==== PROVIDED ENTRIES

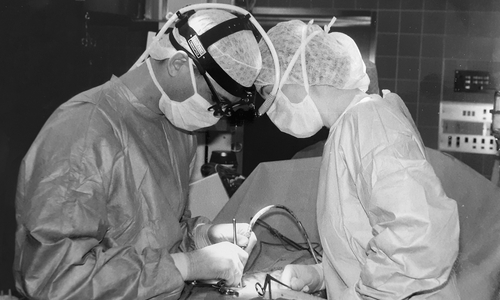 Die erste Bandscheiben-OP am Klinikum im Jahr 1996, noch mit Stirnlampe und Lupenbrille. Links Prof. Sollmann, rechts die Leitende OP-Schwester Ramona Richter.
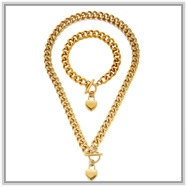 Close-up of golden Cuban chain jewelry set with heart pendants and T-bar clasps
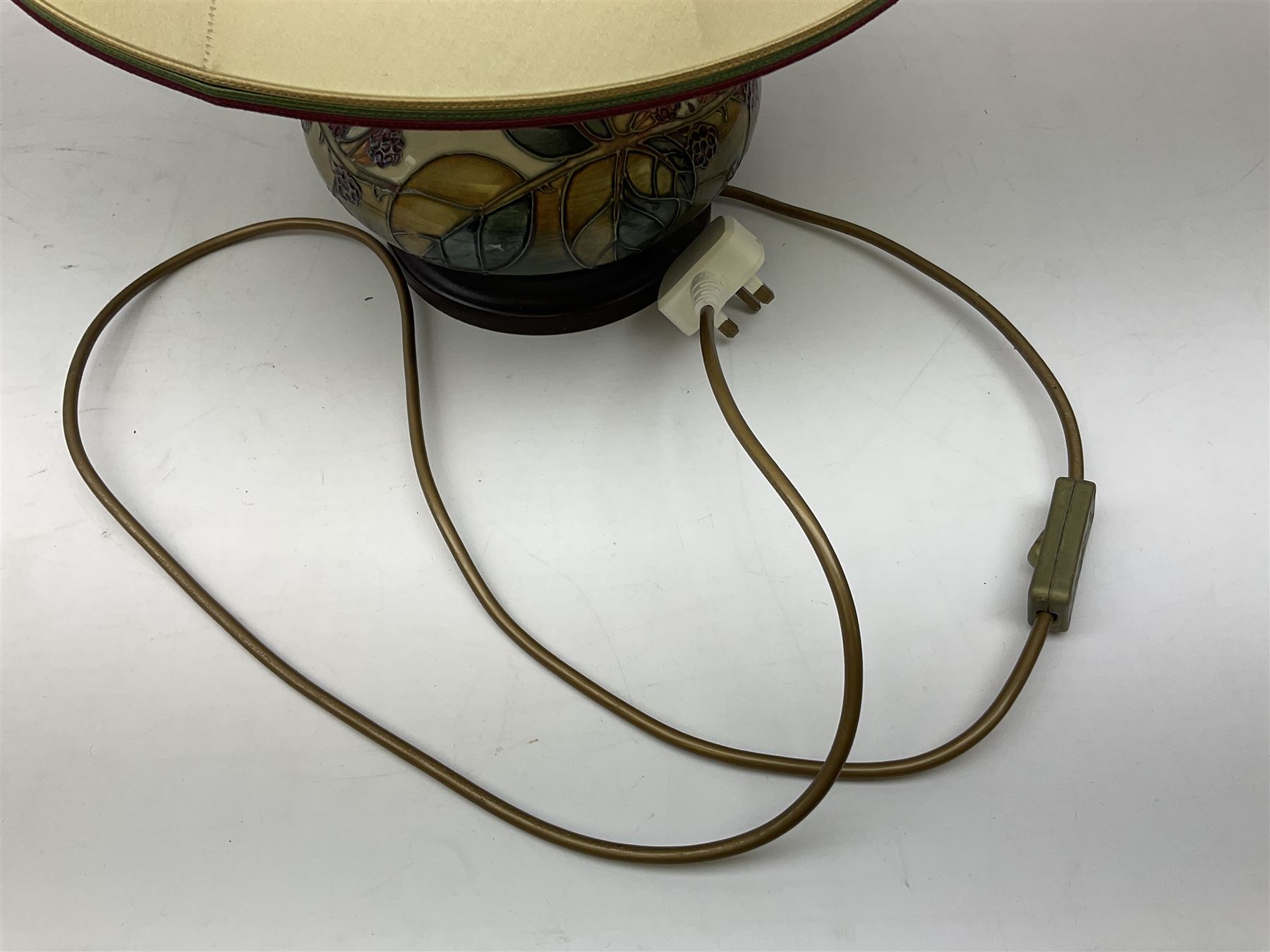 Moorcroft table lamp of squat baluster form, decorated in the Autumn Blackberry, with Moorcroft cream fabric shade with gold, green and red piping, overall H38cm
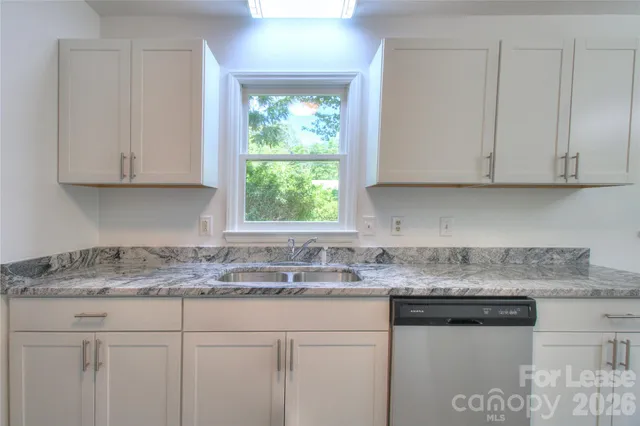 a kitchen with stainless steel appliances granite countertop a sink stove and white cabinets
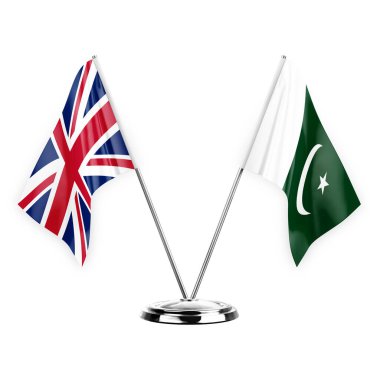 Two table flags isolated on white background 3d illustration, united kingdom and pakistan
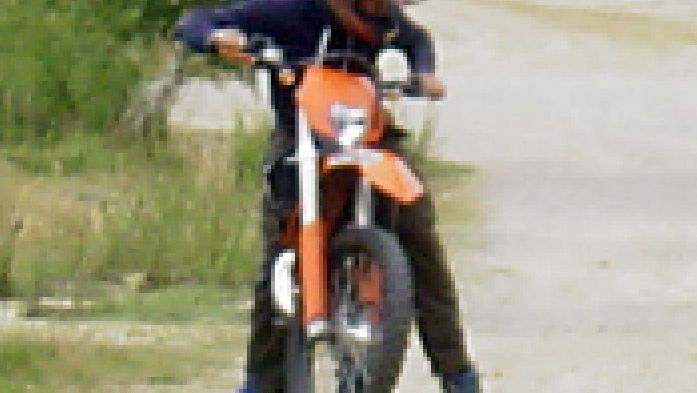 Help find stolen-motorcycle-riding dog killer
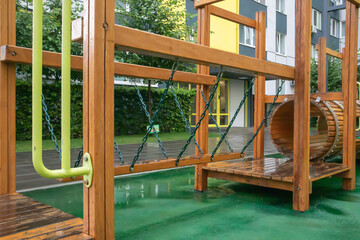 A courtyard of high-rise buildings with a modern and large playground made of wood and plastic on a rainy summer day without people. Empty outdoor playground. A place for children's games and sports.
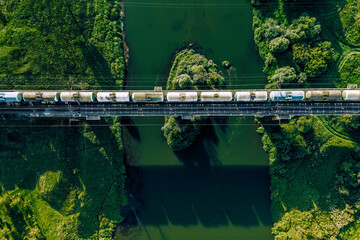 Aerial view of Railway railroad tracks and cargo train over the river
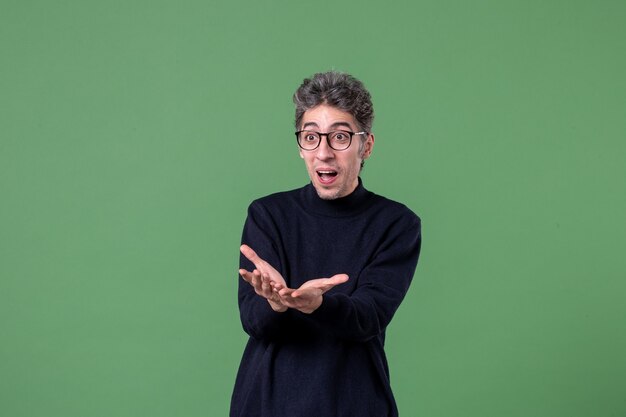 Retrato de hombre joven genio vestido casualmente en foto de estudio feliz en la pared verde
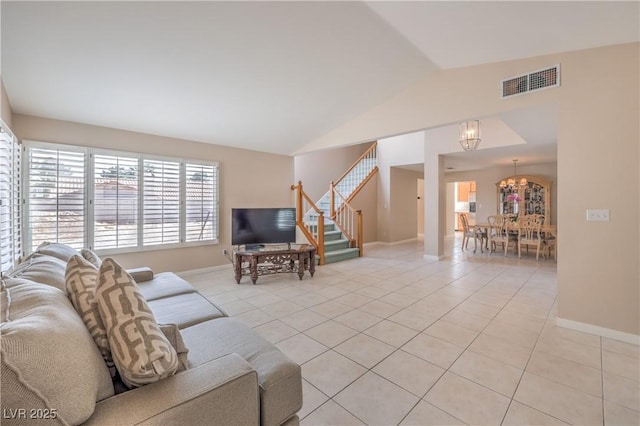 living area with a chandelier, light tile patterned floors, stairway, visible vents, and lofted ceiling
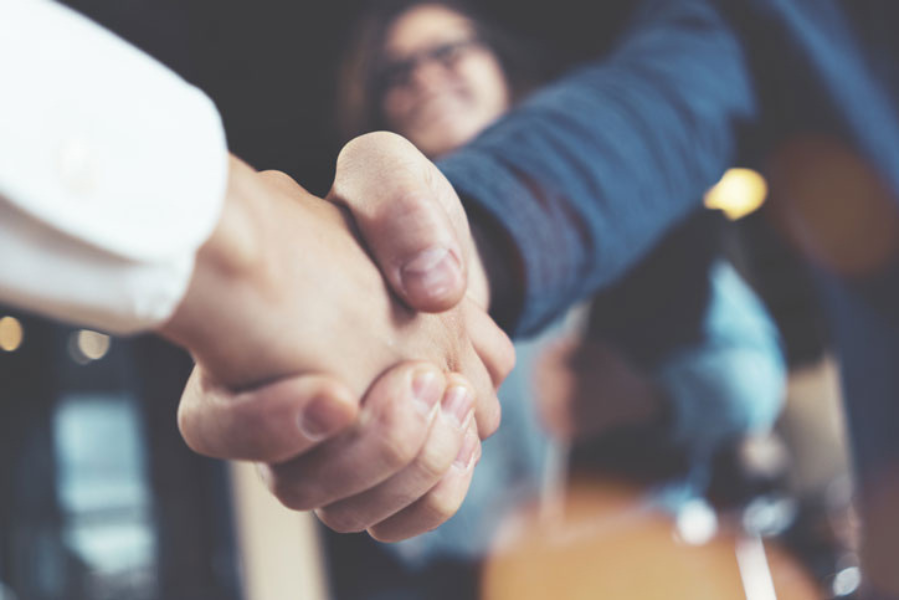 Two people shaking hands and a person in the background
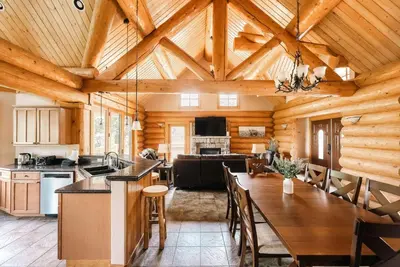 a kitchen and dining room in a log cabin at Ski Hike Relax - Log Cabin with Views - Hot tub in Silverthorne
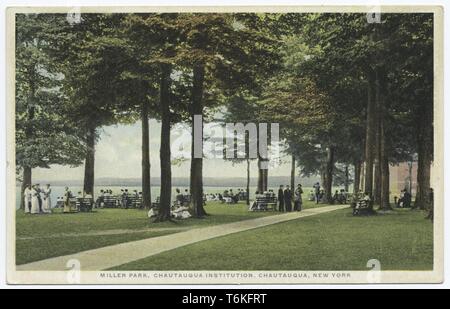 Postkarte mit einem Bild mit einer Ansicht von Menschen im Viktorianischen Sommer Bekleidung, stehen und sitzen auf Bänken unter hohen Bäumen, mit dem Chautauqua See in der Ferne sichtbar; in 'Miller Park", einer Fußgängerzone Park auf dem Gelände der Chautauqua Institution, einem historischen Resort und Bildung Komplex in Chautauqua, New York, 1914. Von der New York Public Library. () Stockfoto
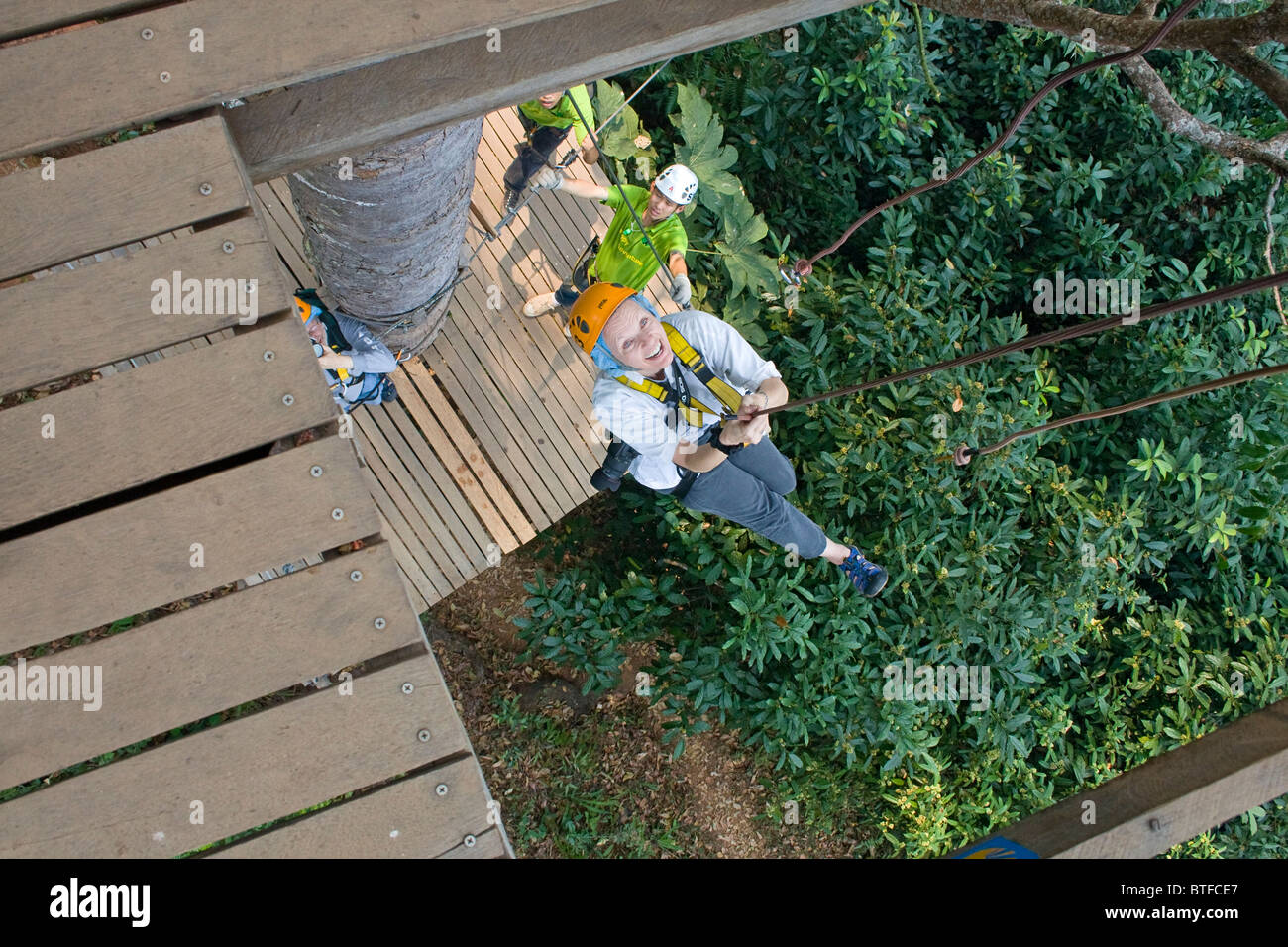 Woman is lowered on one of several 'drops' on ziplines at canopy tour in the Chiang Mai area of Thailand. Stock Photo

========

▶ **WHAT IS BEING ASKED**:
Starting at the line above that contains "A courtyard of", transcribe every line exactly through the line that contains "Retrato de hombre", including that last one, and skip the pictures.

▶ **RESULT OF THIS EXERCISE**:
 A courtyard of high-rise buildings with a modern and large playground made of wood and plastic on a rainy summer day without people. Empty outdoor playground. A place for children's games and sports.
 Aerial view of Railway railroad tracks and cargo train over the river
 Retrato de hombre joven genio vestido casualmente en foto de estudio feliz en la pared verde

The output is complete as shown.